Author of six books on the nation’s highest legal authority, Perry is more than just a Supreme Court expert — she’s a Supreme Court junkie. And while she predicts that Sotomayor will be confirmed, she confesses to being somewhat underwhelmed by her judicial presence.

“With the exception of John Roberts, you would be hard-pressed to top anyone on the court who has the credentials of Sotomayor,” Perry said, “but I’ve been disappointed with her writing style and also with her oral performance.”

Moreover, Perry pointed out, Sotomayor’s now-notorious “wise Latina woman” comment in several of her speeches — “I would hope that a wise Latina woman with the richness of her experiences would, more often than not, reach a better conclusion” — showed poor judgment.

“As the highest-ranking person of Latino descent on the federal bench, it was obvious that she would be among the frontrunners the next time there was a vacancy.

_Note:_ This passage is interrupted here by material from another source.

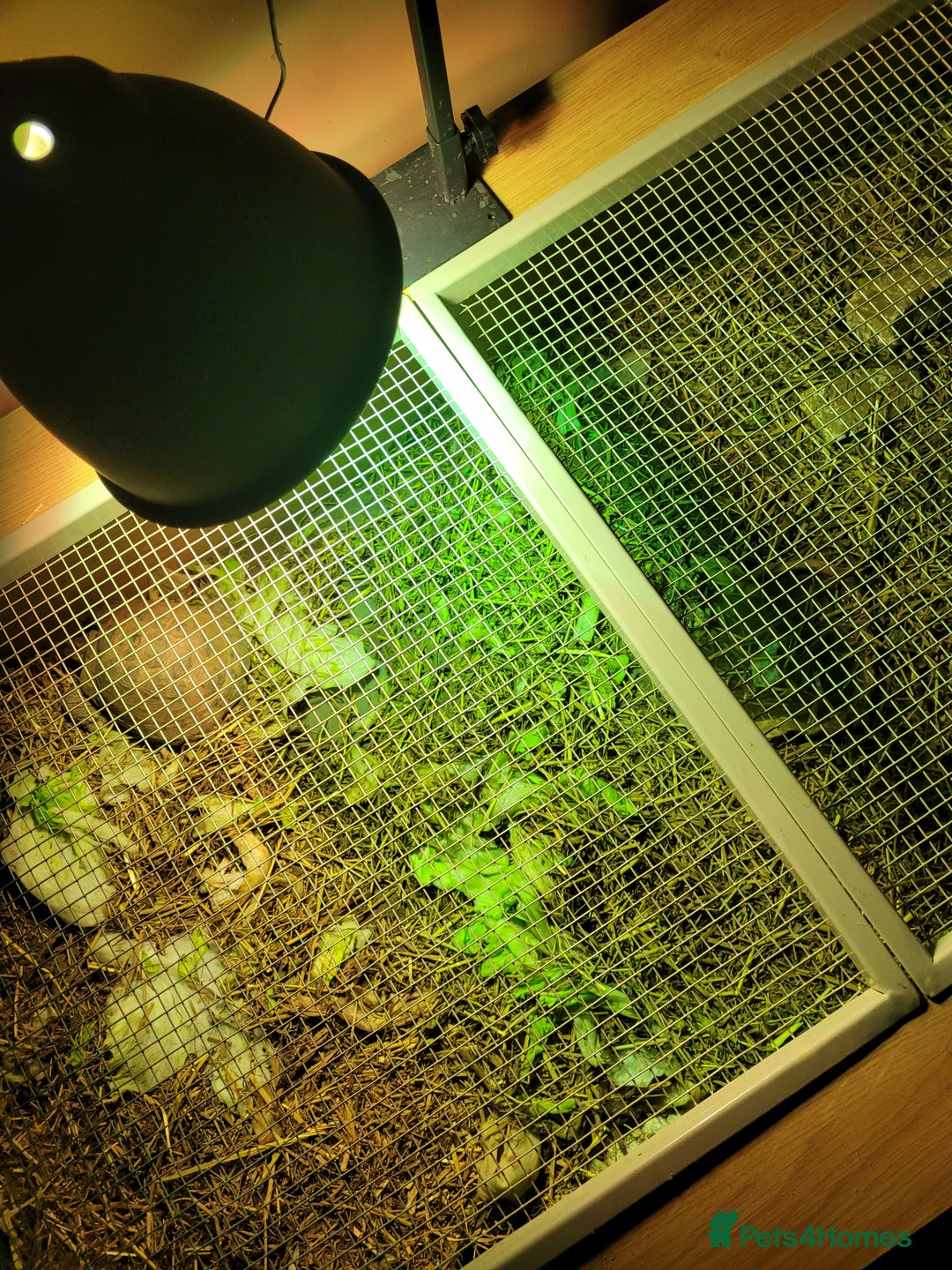 Tortoise reptiles for sale: Breeding pair of horse field tortoises with home - Image 5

Given that, she should have been more careful as to what she said publicly.”

All that aside, however, Perry feels confident that Sotomayor will eventually step up on the bench to replace the retiring David Souter.

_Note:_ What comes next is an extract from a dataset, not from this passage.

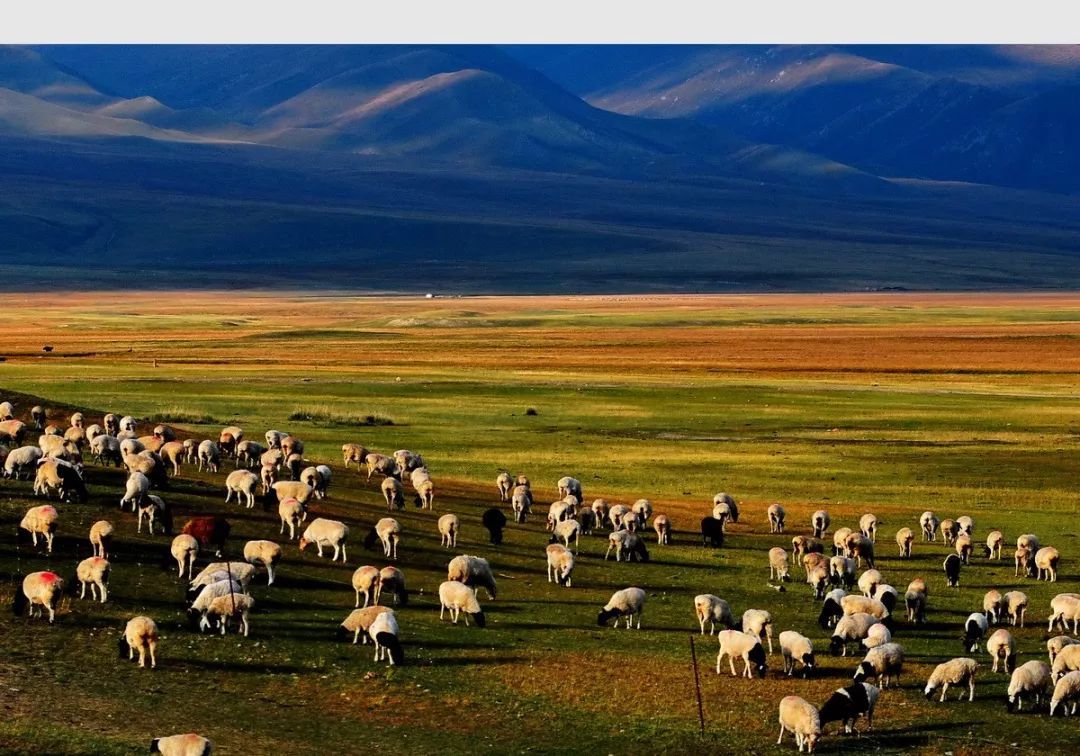 九月的新疆逼疯摄影师，勾走了你的魂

“The math is in her favor, barring some sort of meltdown,” Perry said.

Perry’s books on the court include “The Supremes: An Introduction to the United States Supreme Court Justices,” “The Priestly Tribe: The Supreme Court’s Image in the American Mind,” “A Representative Supreme Court: The Impact of Race, Religion and Gender on Appointments” and (with Henry Abraham) “Freedom and the Courts: Civil Rights and Liberties in the United States.”

Now, she’s working on a fifth, “Catholics and the Supreme Court,” juggling it with yet another book: “Rose: Mother of the Kennedy Image.”

“I tried to use the Catholic idea for my Ph.D. thesis,” Perry said with a laugh, “and my adviser said he didn’t think it was very interesting. So I did something else. Now, I’ve been interviewed several times on CNN about that very topic. I had to smile to myself.”

If Sotomayor is confirmed, Perry pointed out, Catholics would have a 6-3 majority on the court.

“That’s remarkable,” she said, “when you consider it wasn’t that long ago that John F. Kennedy’s Catholicism was an issue.”

In theory, each Supreme Court appointment is supposed to go to the best-qualified jurist in a very deep pool of candidates. That, of course, has never been the case.

For openers, no president is going to nominate a Supreme Court candidate with different views than his own. Beyond that, as Perry has pointed out, there is the desire to make the court more representative (with its accompanying political motivations). Ronald Reagan, for example, tried to combat a “gender gap” problem by choosing Sandra Day O’Connor with his first appointment.

“At one time, there was a Catholic seat and a Jewish seat,” Perry said. “If a Catholic justice left, the tendency was to pick another Catholic.”

The rising tide of Hispanic voters in this country has made the Sotomayor hearings a minefield for Republican members of the Senate Judiciary Committee. On one hand, it has become almost obligatory to oppose a nominee from the other party. At the same time, no one wants to wind up on a Hispanic enemy’s list.

“I think it’s more political than ever before,” Perry said, “and I blame a lot of that on the Internet, 24/7 cable news and talk radio. It’s hard to find unbiased information about the candidate any more, and that leads to polarization.”

Perry did a full hour on the totality of the Sotomayor hearings for “At Issue,“ a Wisconsin Public Radio show, on which she is a regular guest.